Mrs. Staleyborn's first husband was a dreamy Fellow of a Learned
University.

Her second husband had begun life at the bottom of the ladder as a three-card trickster, and by strict attention to business and the exercise of his natural genius, had attained to the proprietorship of a bucket-shop.

When Mrs. Staleyborn was Miss Clara Smith, she had been housekeeper to Professor Whitland, a biologist who discovered her indispensability, and was only vaguely aware of the social gulf which yawned between the youngest son of the late Lord Bortledyne and the only daughter of Albert Edward Smith, mechanic. To the Professor she was Miss H. Sapiens—an agreeable, featherless plantigrade biped of the genus Homo. She was also thoroughly domesticated and cooked like an angel, a nice woman who apparently never knew that her husband had a Christian name, for she called him "Mr. Whitland" to the day of his death.

The strain and embarrassment of the new relationship with her master were intensified by the arrival of a daughter, and doubled when that daughter came to a knowledgeable age. Marguerite Whitland had the inherent culture of her father and the grace and delicate beauty which had ever distinguished the women of the house of Bortledyne.

When the Professor died, Mrs. Whitland mourned him in all sincerity.
She was also relieved. One-half of the burden which lay upon her had
been lifted; the second half was wrestling with the binomial theorem at
Cheltenham College.

She had been a widow twelve months when she met Mr. Cresta Morris, and, if the truth be told, Mr. Cresta Morris more fulfilled her conception as to what a gentleman should look like than had the Professor. Mr. Cresta Morris wore white collars and beautiful ties, had a large gold watch-chain over what the French call poetically a gilet de fantasie, but which he, in his own homely fashion, described as a "fancy weskit." He smoked large cigars, was bluff and hearty, spoke to the widow—he was staying at Harrogate at the time in a hydropathic establishment—in a language which she could understand. Dimly she began to realize that the Professor had hardly spoken to her at all.

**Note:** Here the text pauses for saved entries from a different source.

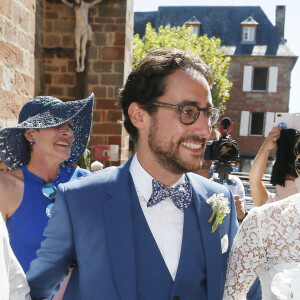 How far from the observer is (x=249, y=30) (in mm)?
23375

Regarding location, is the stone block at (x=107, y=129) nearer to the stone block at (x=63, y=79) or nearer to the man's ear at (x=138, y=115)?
the stone block at (x=63, y=79)

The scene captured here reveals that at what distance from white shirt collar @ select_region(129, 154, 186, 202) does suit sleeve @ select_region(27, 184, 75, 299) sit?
1.01 ft

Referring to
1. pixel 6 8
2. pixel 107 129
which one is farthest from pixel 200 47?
pixel 6 8

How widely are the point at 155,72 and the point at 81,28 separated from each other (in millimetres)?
6196

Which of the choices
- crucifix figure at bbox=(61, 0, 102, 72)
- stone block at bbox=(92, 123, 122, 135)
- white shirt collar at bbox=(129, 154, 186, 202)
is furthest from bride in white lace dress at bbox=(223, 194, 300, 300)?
crucifix figure at bbox=(61, 0, 102, 72)

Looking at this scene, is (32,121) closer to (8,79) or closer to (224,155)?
(8,79)

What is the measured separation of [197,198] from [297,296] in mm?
553

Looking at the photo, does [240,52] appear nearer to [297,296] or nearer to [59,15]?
[59,15]

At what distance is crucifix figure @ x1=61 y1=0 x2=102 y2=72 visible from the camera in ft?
24.0

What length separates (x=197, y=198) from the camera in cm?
168

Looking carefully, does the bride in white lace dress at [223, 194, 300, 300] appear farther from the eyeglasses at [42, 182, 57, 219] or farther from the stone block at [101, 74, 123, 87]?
the stone block at [101, 74, 123, 87]

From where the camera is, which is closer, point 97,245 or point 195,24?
point 97,245

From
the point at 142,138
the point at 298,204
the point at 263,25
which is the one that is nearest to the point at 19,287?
the point at 142,138

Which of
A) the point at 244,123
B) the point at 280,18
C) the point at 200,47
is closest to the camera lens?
the point at 200,47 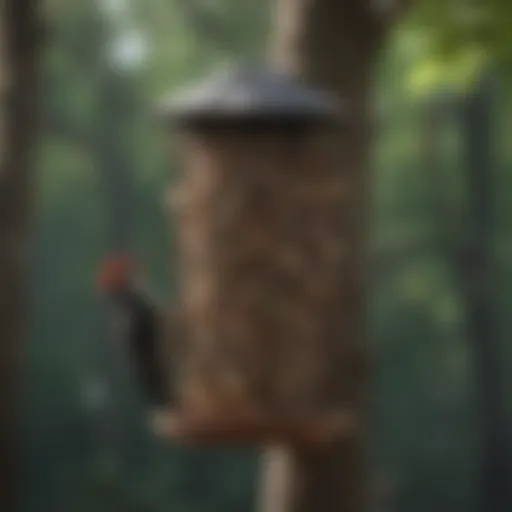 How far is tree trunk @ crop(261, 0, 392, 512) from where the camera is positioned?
4230 mm

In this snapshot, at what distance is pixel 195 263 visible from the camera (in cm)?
352

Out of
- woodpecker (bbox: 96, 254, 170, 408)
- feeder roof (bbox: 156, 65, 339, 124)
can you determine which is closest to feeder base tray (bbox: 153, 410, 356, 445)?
woodpecker (bbox: 96, 254, 170, 408)

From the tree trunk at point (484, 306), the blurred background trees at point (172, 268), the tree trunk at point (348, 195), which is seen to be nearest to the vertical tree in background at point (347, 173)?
the tree trunk at point (348, 195)

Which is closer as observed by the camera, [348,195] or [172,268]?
[348,195]

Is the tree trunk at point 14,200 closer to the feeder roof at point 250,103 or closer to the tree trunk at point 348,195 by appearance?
the tree trunk at point 348,195

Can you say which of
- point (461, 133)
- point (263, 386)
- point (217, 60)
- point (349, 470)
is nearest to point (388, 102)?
point (461, 133)

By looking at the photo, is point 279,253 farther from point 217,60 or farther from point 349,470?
point 217,60

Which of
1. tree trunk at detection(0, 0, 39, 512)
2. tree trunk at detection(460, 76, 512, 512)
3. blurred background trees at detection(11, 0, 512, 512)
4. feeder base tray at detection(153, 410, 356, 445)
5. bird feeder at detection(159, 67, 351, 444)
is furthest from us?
tree trunk at detection(460, 76, 512, 512)

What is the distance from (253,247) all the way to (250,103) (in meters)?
0.36

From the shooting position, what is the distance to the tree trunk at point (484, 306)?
13.1 m

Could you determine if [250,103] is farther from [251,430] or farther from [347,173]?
[347,173]

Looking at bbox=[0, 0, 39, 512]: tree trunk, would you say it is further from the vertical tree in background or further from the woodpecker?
the woodpecker

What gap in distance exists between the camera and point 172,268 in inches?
498

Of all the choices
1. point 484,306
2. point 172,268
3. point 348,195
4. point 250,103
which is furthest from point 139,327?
point 484,306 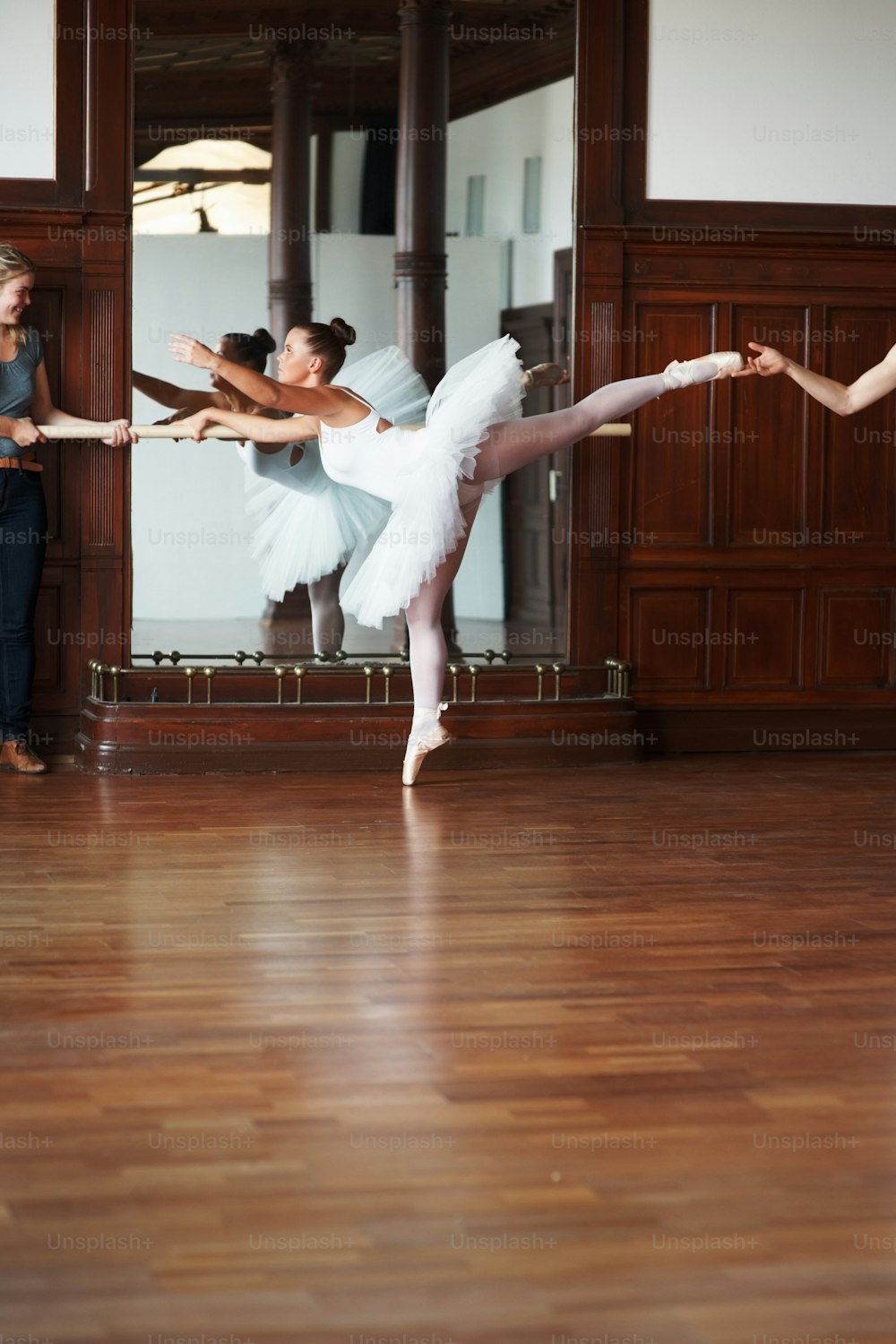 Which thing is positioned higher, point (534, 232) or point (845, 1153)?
point (534, 232)

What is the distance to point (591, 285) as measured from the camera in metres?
6.46

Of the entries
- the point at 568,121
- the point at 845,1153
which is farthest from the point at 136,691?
the point at 845,1153

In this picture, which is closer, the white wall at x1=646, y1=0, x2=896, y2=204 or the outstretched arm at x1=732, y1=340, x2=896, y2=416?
the outstretched arm at x1=732, y1=340, x2=896, y2=416

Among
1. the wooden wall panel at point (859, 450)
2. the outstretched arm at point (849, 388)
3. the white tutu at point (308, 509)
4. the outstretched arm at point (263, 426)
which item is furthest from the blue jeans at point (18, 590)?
the wooden wall panel at point (859, 450)

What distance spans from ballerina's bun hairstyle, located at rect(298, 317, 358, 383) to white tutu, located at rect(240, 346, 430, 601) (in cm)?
28

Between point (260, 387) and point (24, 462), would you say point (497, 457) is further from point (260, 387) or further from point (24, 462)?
point (24, 462)

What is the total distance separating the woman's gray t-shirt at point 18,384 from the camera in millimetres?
5898

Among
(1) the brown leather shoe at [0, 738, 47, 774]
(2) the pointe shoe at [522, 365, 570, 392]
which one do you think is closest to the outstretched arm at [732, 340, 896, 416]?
(2) the pointe shoe at [522, 365, 570, 392]

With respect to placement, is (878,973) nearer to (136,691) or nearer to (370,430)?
(370,430)

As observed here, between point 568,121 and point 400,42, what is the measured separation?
0.70m

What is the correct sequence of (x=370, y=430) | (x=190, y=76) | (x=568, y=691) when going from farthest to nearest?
(x=568, y=691)
(x=190, y=76)
(x=370, y=430)

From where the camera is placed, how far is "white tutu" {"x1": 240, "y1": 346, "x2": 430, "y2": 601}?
626cm

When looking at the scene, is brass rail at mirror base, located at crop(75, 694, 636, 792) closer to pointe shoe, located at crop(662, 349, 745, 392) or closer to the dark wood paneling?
the dark wood paneling

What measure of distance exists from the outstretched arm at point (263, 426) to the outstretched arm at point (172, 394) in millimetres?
253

Mr. Cresta Morris was one of those individuals who employed a vocabulary of a thousand words, with all of which Mrs. Whitland was well acquainted; he was also a man of means and possessions, he explained to her. She, giving confidence for confidence, told of the house at Cambridge, the furniture, the library, the annuity of three hundred pounds, earmarked for his daughter's education, but mistakenly left to his wife for that purpose, also the four thousand three hundred pounds invested in War Stock, which was wholly her own.

Mr. Cresta Morris became more agreeable than ever. In three months they were married, in six months the old house at Cambridge had been disposed of, the library dispersed, as much of the furniture as Mr. Morris regarded as old-fashioned sold, and the relict of Professor Whitland was installed in a house in Brockley.

It was a nice house—in many ways nicer than the rambling old building in Cambridge, from Mrs. Morris's point of view. And she was happy in a tolerable, comfortable kind of fashion, and though she was wholly ignorant as to the method by which her husband made his livelihood, she managed to get along very well without enlightenment.

Marguerite was brought back from Cheltenham to grace the new establishment and assist in its management. She shared none of her mother's illusions as to the character of Mr. Cresta Morris, as that gentleman explained to a very select audience one January night.